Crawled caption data
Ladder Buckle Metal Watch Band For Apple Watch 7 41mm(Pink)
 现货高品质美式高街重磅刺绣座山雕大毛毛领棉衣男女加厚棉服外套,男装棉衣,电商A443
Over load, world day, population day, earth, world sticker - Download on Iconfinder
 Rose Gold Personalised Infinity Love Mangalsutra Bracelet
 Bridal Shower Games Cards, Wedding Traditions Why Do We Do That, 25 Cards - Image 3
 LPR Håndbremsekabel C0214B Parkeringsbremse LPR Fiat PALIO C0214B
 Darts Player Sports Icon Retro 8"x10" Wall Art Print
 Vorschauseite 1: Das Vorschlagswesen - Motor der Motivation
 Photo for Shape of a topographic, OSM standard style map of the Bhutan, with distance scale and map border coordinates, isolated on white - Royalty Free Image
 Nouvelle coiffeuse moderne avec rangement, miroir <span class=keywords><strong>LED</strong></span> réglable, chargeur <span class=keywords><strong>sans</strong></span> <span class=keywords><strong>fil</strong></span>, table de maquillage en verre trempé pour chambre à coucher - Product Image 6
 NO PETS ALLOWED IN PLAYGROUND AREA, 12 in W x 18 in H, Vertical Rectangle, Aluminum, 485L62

EXERCISE
From the line containing "Nouvelle coiffeuse moderne" to the last line of the records above, please write out every line exactly and add nothing.

RESULT
 Nouvelle coiffeuse moderne avec rangement, miroir <span class=keywords><strong>LED</strong></span> réglable, chargeur <span class=keywords><strong>sans</strong></span> <span class=keywords><strong>fil</strong></span>, table de maquillage en verre trempé pour chambre à coucher - Product Image 6
 NO PETS ALLOWED IN PLAYGROUND AREA, 12 in W x 18 in H, Vertical Rectangle, Aluminum, 485L62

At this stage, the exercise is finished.